K.K : Quelle est la source de financement des activités et même du fonctionnement de M’Bomen?

B.B : Il faut dire qu’il n’y a rien. Rire ! Pour l’instant, on est à notre début. On a aujourd’hui, comme fonds, l’adhésion des danseurs et danseuses. Nous avons un peu de sous, d’ailleurs que nous n’utilisons pas. Pour l’instant, nous avons pu créer le logo M’Bomen avec le soutien de Solnicka Michaela. Nous avons parmi nous, certaines personnes qui gèrent la page Facebook comme Robert Kiki, par ailleurs, Secrétaire général de M’Bomen. Il permet en tout cas de donner une visibilité pour tout ce que nous menons, de présenter les différentes structures artistiques, etc. C’est des gens qui donnent de leur temps, de leur énergie pour que les choses avancent, tout comme moi. Pour l’instant, nous n’avons pas de fonds.

K.K : Quel est le défi que vous entendez relever ensemble ?

B.B : Le défi pour nous, c’est d’arriver à réunir tous les danseurs et chorégraphes du Burkina Faso et de sa diaspora, et les faire adhérer, pour qu’on travaille ensemble et défendre d’une seule voix nos intérêts.

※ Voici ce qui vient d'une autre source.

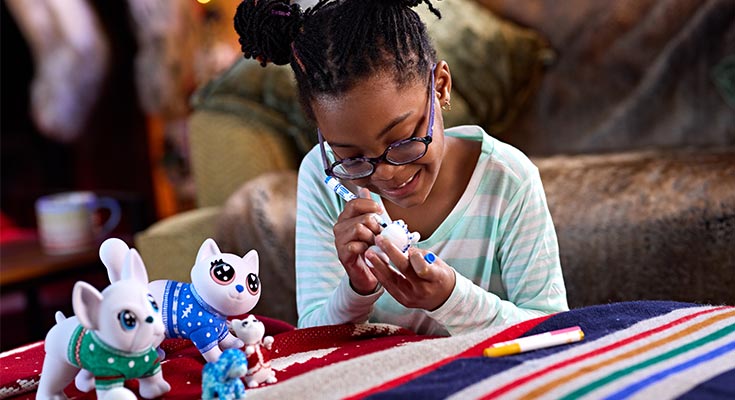 Child with Jumbo Scribble Scrubbie Pets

K.K : L’Association M’Bomen a vu récemment le jour, est-ce qu’elle compte se greffer à la Confédération nationale de la culture (CNC) ?

B.B : Pour l’instant, nous ne pouvons rien dire. Je pense que nous allons étudier la question. Nous allons chercher à savoir concrètement quel intérêt nous avons à adhérer à cette confédération. Est-ce que cette intégration aura un impact quelconque sur notre organisation de façon positive ? C’est vraiment une question à étudier. Et si ça nous arrange, nous n’hésiterons pas à adhérer. Et si nous voyons qu’en tant qu’association, nous pouvons aller loin et faire bouger les choses nous n’hésiterons pas. Peut-être que nous avons besoin dans un premier temps de rester en association pour être solidement structuré et efficace. Avec le temps, nous saurons mieux nous positionner. Je pense qu’on est jeune et la première des choses, c’est vraiment de se construire nous-mêmes, d’êtres solides, de comprendre qui on est, qu’est-ce qu’on veut et où on veut aller, avec qui on veut travailler ou pas ?

K.K : qu’avez vous d’autres à dire ?

B.B : On a tout abordé, je pense. Peut-être c’est de rappeler les membres du bureau de l’Association M’Bomen. Je suis le président ; Serge Aimé Coulibaly est le vice-président ; Robert Kiki est le secrétaire général et notre sœur Aïcha Kaboré est trésorière. On a un conseil d’administration dont font partie Salia Sanou, Olivier Tarpaga, etc. Pour l’instant M’Bomen est représenté à Ouagadougou et à Bobo-Dioulasso.